A sensibilidade em nos perguntar as horas talvez por acreditar neste tempo que avança para construir algo melhor, e não no avanço aleatório. A correria pela correria porque chegou o final do ano. As promessas porque chegou o início do ano. Não. Um perguntar de horas porque as valoriza e porque é sensível ao avançar delas. É preciso respeitar o tempo. E para tal, é preciso se enxergar inserido nele, grato e atuante. Respeitar o tempo é vivê-lo em consonância com ele e não à parte dele. Aquela mulher nos perguntou as horas não porque tivesse muitas coisas a fazer e, por isso, estava apressada. O contrário. Justamente por estar ciente de onde estava, de onde vivia, e da completa ausência de perspectiva, expectativa e até de afazeres, ela crê no tempo e o percebe. O avançar dele é uma esperança para aqueles que sofrem.

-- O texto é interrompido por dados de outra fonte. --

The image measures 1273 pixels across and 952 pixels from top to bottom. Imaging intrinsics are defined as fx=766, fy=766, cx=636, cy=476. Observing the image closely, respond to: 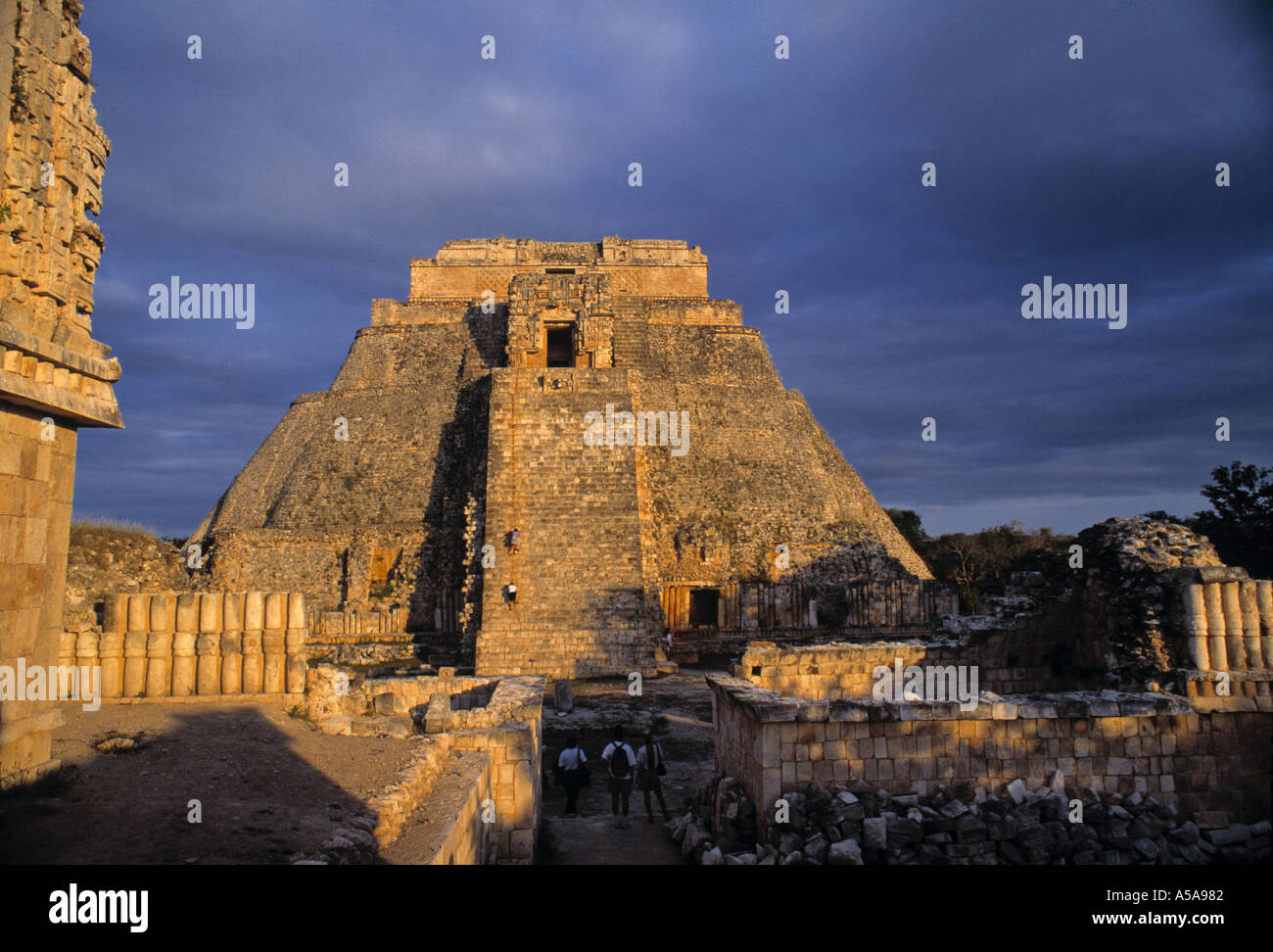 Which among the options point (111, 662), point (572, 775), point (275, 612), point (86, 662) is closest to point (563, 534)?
point (572, 775)

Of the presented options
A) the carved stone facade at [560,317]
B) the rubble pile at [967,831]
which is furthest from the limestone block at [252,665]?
the carved stone facade at [560,317]

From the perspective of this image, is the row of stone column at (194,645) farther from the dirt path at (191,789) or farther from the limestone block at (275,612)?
the dirt path at (191,789)

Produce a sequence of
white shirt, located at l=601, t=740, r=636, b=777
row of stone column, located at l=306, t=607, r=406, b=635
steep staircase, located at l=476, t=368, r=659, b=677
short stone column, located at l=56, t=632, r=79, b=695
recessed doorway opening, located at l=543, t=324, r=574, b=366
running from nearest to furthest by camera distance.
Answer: short stone column, located at l=56, t=632, r=79, b=695, white shirt, located at l=601, t=740, r=636, b=777, steep staircase, located at l=476, t=368, r=659, b=677, row of stone column, located at l=306, t=607, r=406, b=635, recessed doorway opening, located at l=543, t=324, r=574, b=366

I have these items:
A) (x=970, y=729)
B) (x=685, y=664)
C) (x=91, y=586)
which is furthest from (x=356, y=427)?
(x=970, y=729)

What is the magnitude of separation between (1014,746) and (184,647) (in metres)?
8.52

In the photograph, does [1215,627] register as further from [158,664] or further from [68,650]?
[68,650]

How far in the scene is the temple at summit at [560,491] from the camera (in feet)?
62.0

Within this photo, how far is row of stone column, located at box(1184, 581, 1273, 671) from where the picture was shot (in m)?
9.11

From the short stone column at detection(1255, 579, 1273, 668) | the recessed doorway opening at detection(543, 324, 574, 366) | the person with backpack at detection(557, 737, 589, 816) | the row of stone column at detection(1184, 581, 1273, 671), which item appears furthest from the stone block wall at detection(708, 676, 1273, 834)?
the recessed doorway opening at detection(543, 324, 574, 366)

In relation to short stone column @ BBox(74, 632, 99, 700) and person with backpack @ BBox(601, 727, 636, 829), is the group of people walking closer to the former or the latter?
person with backpack @ BBox(601, 727, 636, 829)

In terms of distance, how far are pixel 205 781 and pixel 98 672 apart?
11.6 feet

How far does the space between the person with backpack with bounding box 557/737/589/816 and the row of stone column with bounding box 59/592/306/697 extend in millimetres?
3108

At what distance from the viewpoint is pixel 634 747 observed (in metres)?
11.4

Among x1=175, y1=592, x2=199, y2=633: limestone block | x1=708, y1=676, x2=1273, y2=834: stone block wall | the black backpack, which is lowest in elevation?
the black backpack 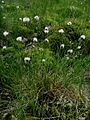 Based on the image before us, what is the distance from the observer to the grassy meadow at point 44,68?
3811mm

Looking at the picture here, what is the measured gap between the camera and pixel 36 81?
3.98 metres

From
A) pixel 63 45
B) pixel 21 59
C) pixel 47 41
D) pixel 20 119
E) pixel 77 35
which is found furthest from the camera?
pixel 77 35

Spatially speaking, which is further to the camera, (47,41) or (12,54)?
(47,41)

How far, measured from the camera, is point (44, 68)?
13.4 ft

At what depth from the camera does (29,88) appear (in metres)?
3.92

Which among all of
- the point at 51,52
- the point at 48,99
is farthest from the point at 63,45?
the point at 48,99

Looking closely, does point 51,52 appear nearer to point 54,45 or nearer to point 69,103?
point 54,45

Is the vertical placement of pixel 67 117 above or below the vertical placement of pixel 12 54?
below

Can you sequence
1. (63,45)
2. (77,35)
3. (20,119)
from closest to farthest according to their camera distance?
(20,119) < (63,45) < (77,35)

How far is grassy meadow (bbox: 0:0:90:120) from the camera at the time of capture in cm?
381

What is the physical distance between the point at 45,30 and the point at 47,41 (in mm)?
349

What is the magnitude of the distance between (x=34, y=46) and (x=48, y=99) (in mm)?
1224

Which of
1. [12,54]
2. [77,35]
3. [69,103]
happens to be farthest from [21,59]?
[77,35]

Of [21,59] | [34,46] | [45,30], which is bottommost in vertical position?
[21,59] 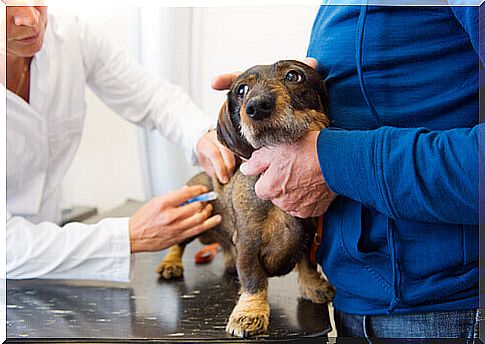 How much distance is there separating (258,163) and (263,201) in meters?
0.10

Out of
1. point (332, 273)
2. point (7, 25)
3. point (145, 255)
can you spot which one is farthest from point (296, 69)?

Aquela mulher era totalmente desprovida de excessos. Por isso percebia o tempo e nos perguntou as horas, mesmo sabendo que não havia tantas coisas assim a serem feitas. O querer saber das horas e do tempo deveria estar além do ato material de preenchê-lo com coisas e afazeres, induzidos por nossa vaidade e pelo pseudo saber dos outros.

O saber das horas é fundamental para sermos mais, e não para fazermos mais. E isto aquela mulher já sabia esbanjando aquele largo sorriso vazio de dentes. Dentes? Desnecessários quando se tem o mais importante: grandeza de atitude. Nossas conclusões (conclusas ou inconclusas) e nossas iniciações (sem finalizações) darão as medidas e as respostas que buscamos na vida.

O nosso estar no mundo é o produto que resulta no espelho: vivo, incontestável e imperfeito. Os dentes, portanto, se tornam desnecessários quando nos tornamos grandes.

Quero encerrar este texto, mas não a reflexão, com uma frase de Cora Coralina, uma das mais importantes poetisas e escritoras brasileiras, que diz:

“estamos todos matriculados na escola da vida, onde o mestre é o tempo.”

É preciso nos debruçar sobre nós mesmos. O tempo para isso existe. Mas a vida precisa que nossas mãos ajam e façam. Este papel é nosso. O papel dela, e do próprio tempo, que aqui são a mesma coisa, é o de apenas nos lembrar de que o calendário caminha, mas se vamos acompanhá-lo, será outra conversa.

O deslocamento de nossas visões deturpadas nos impede de criar vínculos com quem poderíamos ser. Se quiséssemos.